Jerome Rosa, executive director for Oregon Cattlemen’s Association, elaborated on why this designation would hurt Oregon Ranchers. “In essence, it could devastate the local economy, their businesses, their culture and their children’s future. The designation would establish additional restrictions that would affect or eliminate their ability to ranch in that area.”

Ranchers who live in the area aren’t fully sure what to expect, but looking at other monument designations, things don’t look good. “I don’t have a clue what will happen,” said past OCA President and current Malheur County rancher Bob Skinner. “They tell you it’s not going to affect ranching, but historically (monument designations) are a disaster.” Skinner said he cannot find anywhere where a monument designation has been a success story for ranching.

He said the designation also brings concern for how future wildfire management through the Range Land Fire Protection Association (RFPA), a group largely made up of local citizens and ranchers, will occur. “We are the front line for fire suppression.

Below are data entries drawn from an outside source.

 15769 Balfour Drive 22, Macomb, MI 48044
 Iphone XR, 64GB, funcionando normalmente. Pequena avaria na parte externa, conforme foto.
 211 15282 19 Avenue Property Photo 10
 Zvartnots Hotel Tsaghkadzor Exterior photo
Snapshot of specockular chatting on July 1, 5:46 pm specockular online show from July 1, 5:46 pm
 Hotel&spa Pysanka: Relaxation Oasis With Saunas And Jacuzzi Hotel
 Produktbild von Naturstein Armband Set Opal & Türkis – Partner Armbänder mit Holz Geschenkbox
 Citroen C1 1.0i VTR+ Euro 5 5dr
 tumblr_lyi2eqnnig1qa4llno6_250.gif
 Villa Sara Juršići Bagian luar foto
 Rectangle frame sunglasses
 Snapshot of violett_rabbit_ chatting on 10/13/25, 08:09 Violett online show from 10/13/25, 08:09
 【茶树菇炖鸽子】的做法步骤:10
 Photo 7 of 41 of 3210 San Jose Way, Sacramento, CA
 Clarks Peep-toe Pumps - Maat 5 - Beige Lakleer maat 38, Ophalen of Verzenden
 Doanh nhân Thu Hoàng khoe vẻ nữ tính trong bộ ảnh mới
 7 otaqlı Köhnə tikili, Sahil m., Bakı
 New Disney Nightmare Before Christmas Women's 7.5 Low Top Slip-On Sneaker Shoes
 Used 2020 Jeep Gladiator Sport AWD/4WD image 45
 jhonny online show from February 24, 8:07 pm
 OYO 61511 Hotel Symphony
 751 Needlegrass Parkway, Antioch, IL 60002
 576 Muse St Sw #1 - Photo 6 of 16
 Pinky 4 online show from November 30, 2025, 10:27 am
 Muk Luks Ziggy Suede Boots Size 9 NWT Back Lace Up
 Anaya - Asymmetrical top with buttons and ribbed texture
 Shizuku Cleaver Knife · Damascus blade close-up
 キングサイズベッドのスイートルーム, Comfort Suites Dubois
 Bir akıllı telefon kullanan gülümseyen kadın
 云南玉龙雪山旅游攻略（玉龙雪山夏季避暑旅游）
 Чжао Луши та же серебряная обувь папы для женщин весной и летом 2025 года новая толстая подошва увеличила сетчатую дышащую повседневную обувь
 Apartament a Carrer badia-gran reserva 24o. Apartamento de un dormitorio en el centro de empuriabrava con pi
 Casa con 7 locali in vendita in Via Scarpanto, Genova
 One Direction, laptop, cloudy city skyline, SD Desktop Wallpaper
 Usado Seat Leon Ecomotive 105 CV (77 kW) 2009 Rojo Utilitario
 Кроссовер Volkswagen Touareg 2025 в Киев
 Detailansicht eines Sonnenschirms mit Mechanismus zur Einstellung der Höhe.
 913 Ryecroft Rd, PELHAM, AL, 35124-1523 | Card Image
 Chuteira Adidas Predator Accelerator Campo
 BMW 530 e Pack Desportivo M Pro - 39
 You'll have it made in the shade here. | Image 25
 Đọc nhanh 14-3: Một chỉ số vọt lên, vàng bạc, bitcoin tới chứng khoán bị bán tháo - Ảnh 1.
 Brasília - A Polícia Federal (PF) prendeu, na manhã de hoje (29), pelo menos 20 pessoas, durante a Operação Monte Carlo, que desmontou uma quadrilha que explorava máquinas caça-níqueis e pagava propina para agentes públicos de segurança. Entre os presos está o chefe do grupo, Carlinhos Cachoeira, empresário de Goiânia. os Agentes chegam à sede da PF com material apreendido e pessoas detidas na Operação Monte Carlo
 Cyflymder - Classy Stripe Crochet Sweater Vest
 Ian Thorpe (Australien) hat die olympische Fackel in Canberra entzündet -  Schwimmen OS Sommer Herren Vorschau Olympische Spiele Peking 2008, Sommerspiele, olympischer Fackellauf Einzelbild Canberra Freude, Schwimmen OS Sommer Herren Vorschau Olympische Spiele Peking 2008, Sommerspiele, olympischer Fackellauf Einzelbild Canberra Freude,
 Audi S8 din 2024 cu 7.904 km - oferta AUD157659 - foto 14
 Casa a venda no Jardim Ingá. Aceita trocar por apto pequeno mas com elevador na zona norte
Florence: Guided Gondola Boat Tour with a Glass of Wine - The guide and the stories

If history repeats itself, we suspect RFPA’s won’t be able to access the roads needed to fight wildfires easily,” Skinner said.

Several efforts are in progress to try and stop the monument designation in Malheur County. “OCA is working with local ranching groups, a public relations group, and with state and federal legislatures to prevent the monument designation,” Rosa said.

Meanwhile, those in Malheur County brace themselves for the possibility of a designation that would threaten their way of life. “Cattle is the number one industry in Malheur County,” Skinner said. “If we take a bunch of cattle out of the county, it’s going to devastate its economy. It will have an impact on the state.”

The Oregon Cattlemen’s Association was founded in 1913 and works to promote environmentally and socially sound industry practices, improve and strengthen the economics of the industry, and protect its industry communities and private property rights.